1, Can You Please Describe the Structure of CNNs? the Different Layers, Activation Functions? What are Some Key Properties of Activation Functions?

- Convolutional Neural Networks (CNNs) are a class of deep neural networks widely used in processing data with a grid-like topology, such as images. They are known for their ability to detect hierarchical patterns in data. Here’s an overview of their structure, including layers and activation functions:
- Structure of CNNs
    - Convolutional Layers: These layers apply a set of learnable filters (kernels) to the input. Each filter convolves across the width and height of the input volume, computing the dot product between the filter and input, producing a 2D activation map.
      - Key Property: Convolutional layers are adept at capturing spatial hierarchies in images by learning from local regions (like edges, textures) in the early layers and more complex patterns (like objects, shapes) in deeper layers.
    - Pooling Layers: Often placed after convolutional layers, pooling layers (such as max pooling or average pooling) reduce the spatial dimensions (width and height) of the input volume, leading to a reduction in the number of parameters and computation in the network. 
      - Key Property: Pooling helps in making the detection of features invariant to scale and orientation changes.
    - Fully Connected Layers: At the end of the network, one or more fully connected layers are used where each neuron is connected to all neurons in the previous layer. These layers are typically used for classifying the features learned by the convolutional layers into different classes.
      - Key Property: Fully connected layers combine features to make final predictions.
  - Dropout: Dropout is a regularization technique used in CNNs to prevent overfitting. It randomly “drops” a subset of neurons in a layer during training, forcing the network to learn redundant representations and enhancing its generalization capabilities.
  - Batch Normalization: Batch normalization is a technique to stabilize and accelerate the training of deep networks. It normalizes the activations of a previous layer at each batch, i.e., it applies a transformation that maintains the mean activation close to 0 and the activation standard deviation close to 1.
- Activation Functions
  1. ReLU (Rectified Linear Unit):
    Formula: $f(x)=\max (0, x)$
    Properties: Non-linear, allows models to account for complex data patterns; simple and efficient in computation.
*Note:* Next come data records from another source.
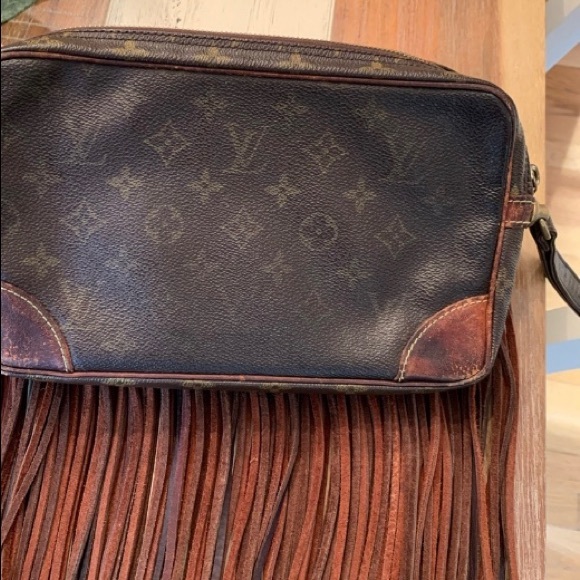Louis Vuitton boho fringe w 52” leather crossbody strap - Picture 4 of 7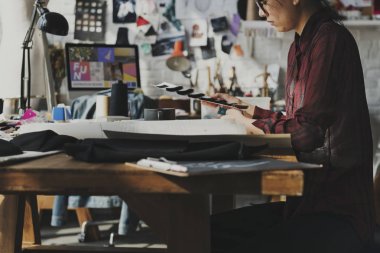 Moda Tasarımcısı atölye 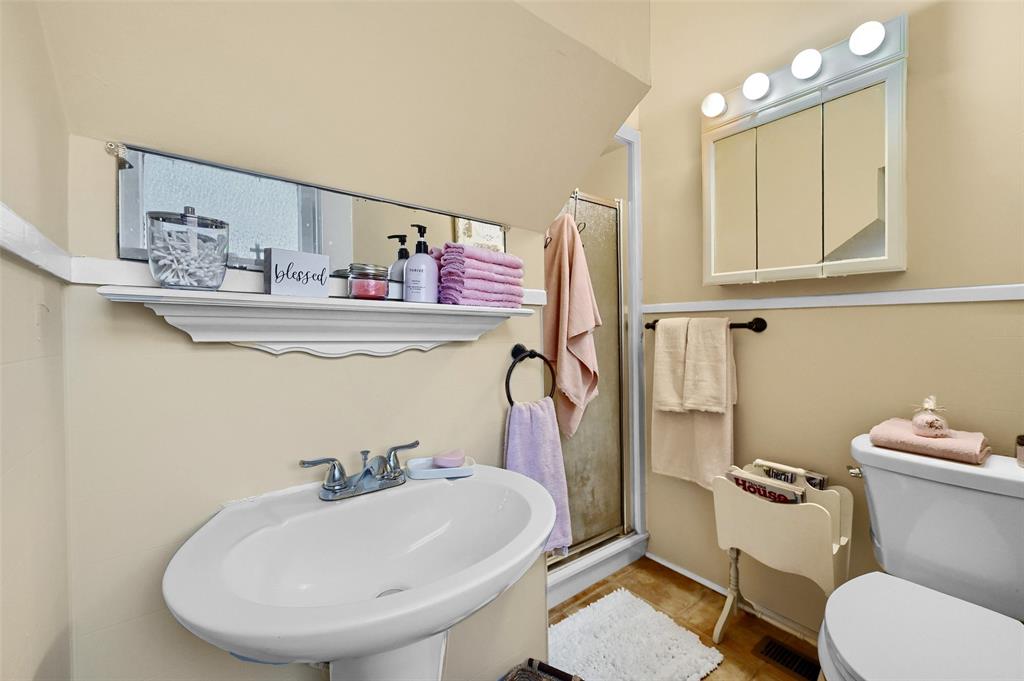 Shannon T J Town - Residential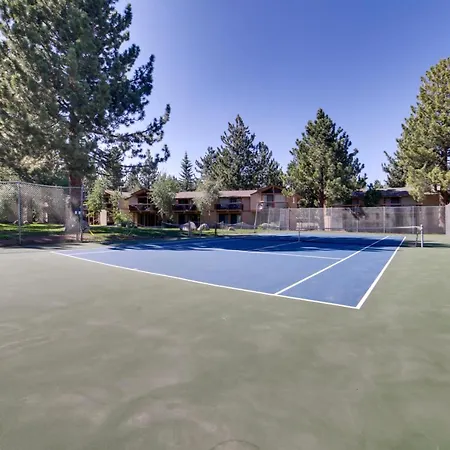 Mammoth Lakes Vacation Rental 1 Mi To Ski Area!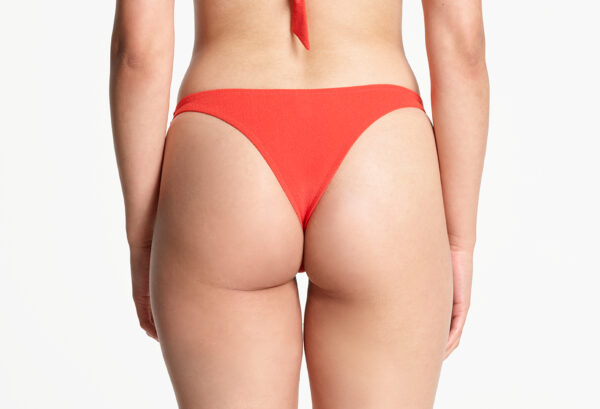 Yasmine Eslami Bas De Maillot Rebecca Capri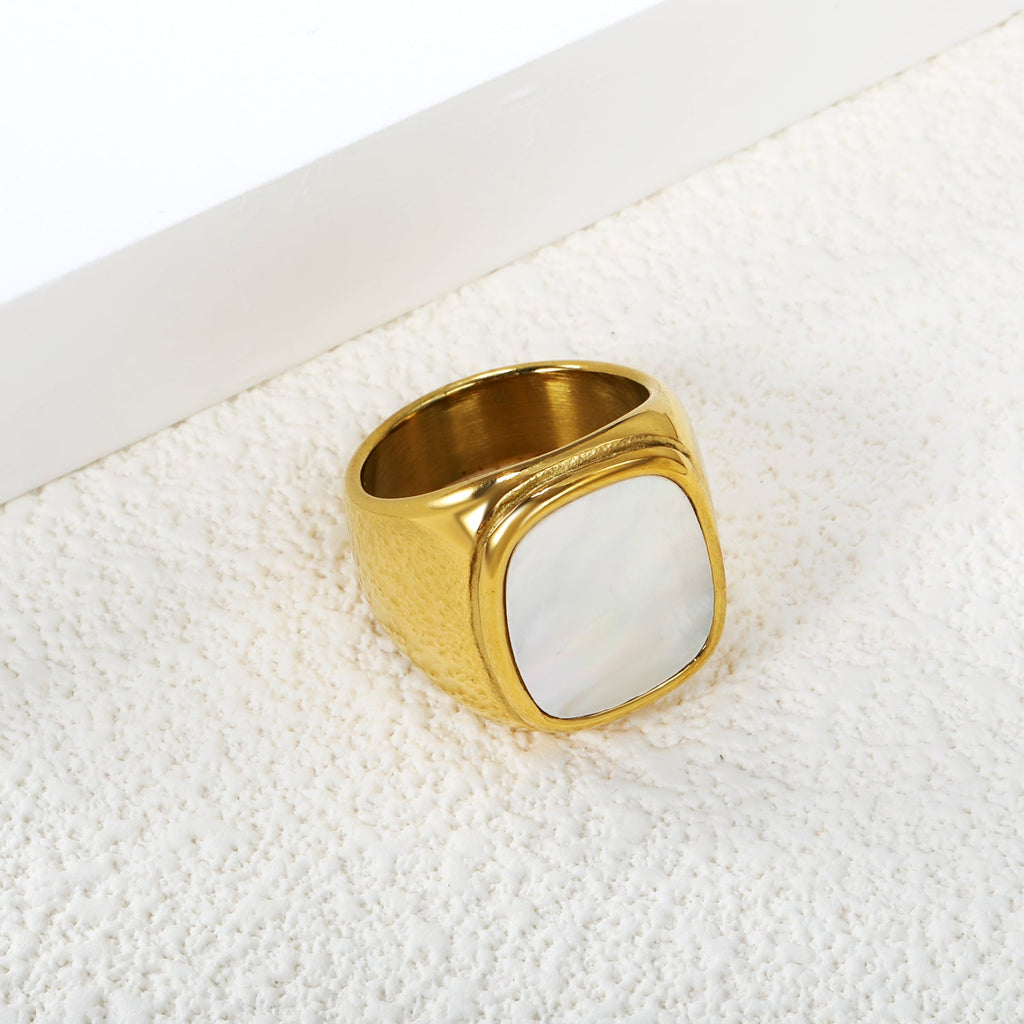 Opal Square Gold Ring - MacroPanora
    Variants like Leaky ReLU or Parametric ReLU are used to address the “dying ReLU” problem where neurons can become inactive and stop contributing to the learning process.
  2. Sigmoid:
    Formula: $\sigma(x)=\frac{1}{1+e^{-x}}$
    Properties: Smooth gradient, squashing values into a range between 0 and 1 . It’s often used in the output layer for binary classification.
  3. Tanh (Hyperbolic Tangent):
    Formula: $\tanh (x)=\frac{e^x-e^{-x}}{e^x+e^{-x}}$
    Properties: Similar to sigmoid but squashes values into a range between -1 and 1 . It is zerocentered, making it easier to model inputs that have strongly negative, neutral, and strongly positive values.
  4. Softmax: Used in the output layer of a CNN for multi-class classification; it turns logits into probabilities that sum to one.
    Properties: Softmax is non-linear and is able to handle multiple classes in a mutually exclusive scenario.
- Key Properties of Activation Functions
  - Nonlinearity: This allows CNNs to capture complex relationships in data. Without nonlinearity, the network would behave like a linear model.
  - Differentiability: Essential for enabling backpropagation where gradients are computed during training.
  - Computational Efficiency: Faster activation functions (like ReLU) lead to quicker training.

In summary, the structure of CNNs, characterized by alternating convolutional and pooling layers followed by fully connected layers, combined with dropout for regularization and batch normalization for faster training, is optimized for feature detection and classification. The choice of activation function, critical for introducing nonlinearity, depends on the specific requirements of the task and the network architecture.